The Battalion Surgeon was a special staff officer who advised the Battalion Commander on matters pertaining to the health of the battalion. Chief duties included the responsibilities of managing a Battalion Aid Station, medically supervising other battalion physicians, performing sick call for members of the battalion, and supervising the medical planning for deployment. Battalion Aid Stations, Forward Support Medical Battalions and Forward Surgical Teams were usually the first point of contact for the medical care of wounded soldiers. 


Battalion Aid Station in Italy, 1943

01 March, 2011

01 March, 1944

No letter on 1 March 1944... Just this from 29 February:
[Note from FOURTHCHILD: 1944 was a Leap Year, unlike 2011.]

438th AAA AW BN
APO 527 % Postmaster, N.Y.
England
29 February, 1944        1400

Dearest Sweetheart,

Today is payday so I had to run around a bit this morning. As a result the boys are happy again. It’s funny to see them after they’ve been paid. They start to settle up their accounts with each other; one pays up ₤2, six shillings and collects 18 shillings from someone else and that’s the way it goes. More money changes hands than is passed across the counter of Barclay’s Ltd in a week.

Some of the boys have already taken off for their furlough trips. The enlisted men are getting 7 days also – and the great majority are heading for the western part of England or Scotland – since most everyone has already been to London – and London, some of these nights, isn’t too healthy a spot to be in, anyway.
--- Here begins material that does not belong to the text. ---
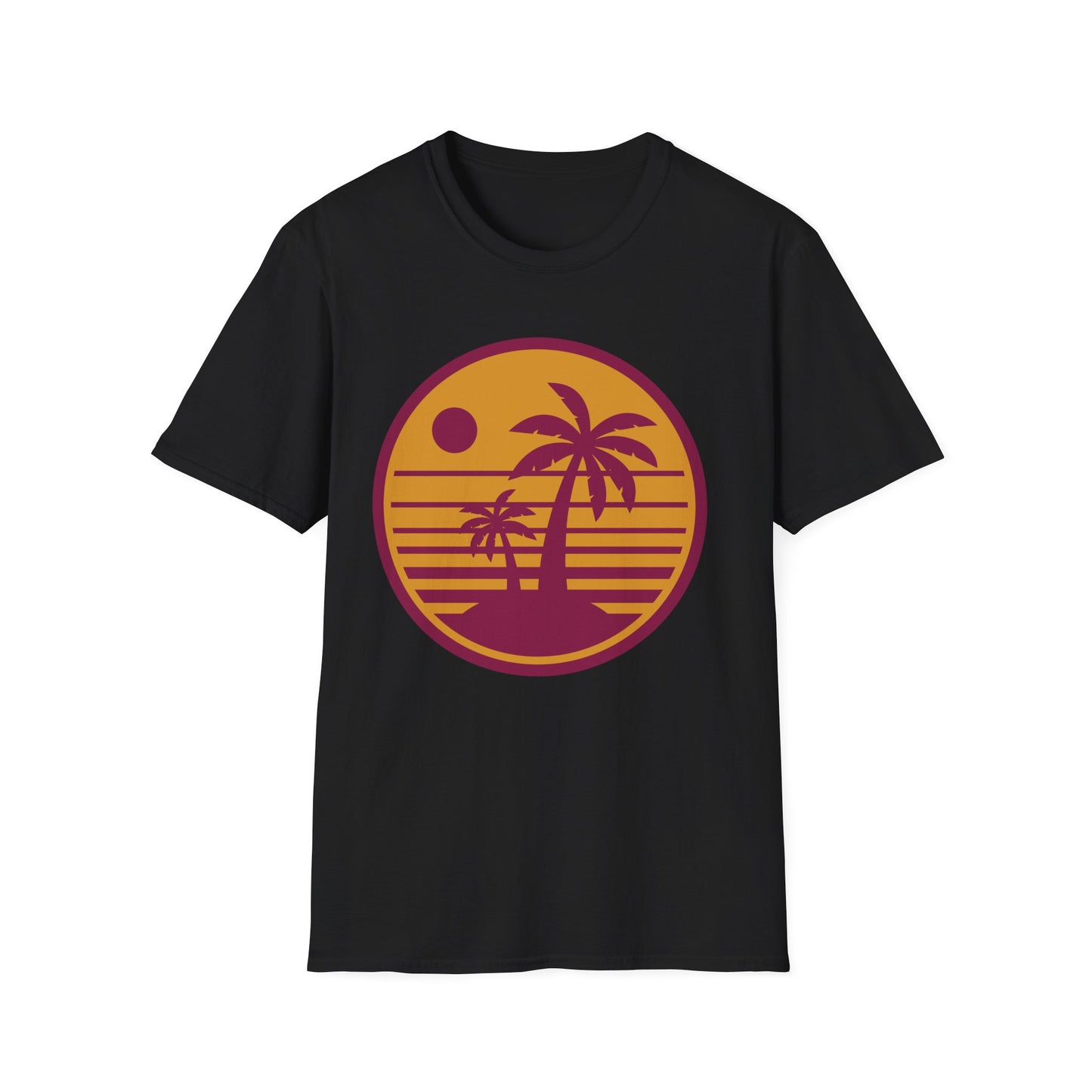 Sunset Palm Trees Unisex Softstyle T-Shirt - Perfect for Relaxation & Summer Vibes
My own leave starts tomorrow, dear, and I’m kind of blue about it. If only I could be with you instead of tramping around the countryside. Well, I always wanted to see England – and I’m getting the chance to. I’ve missed you particularly the past few days, sweetheart – no special reason – just a spell – as you no doubt have had too. Maybe it’s the thought of our being engaged – and my impatience at the time involved. I’m so anxious to hear a reply to my letters of several days ago.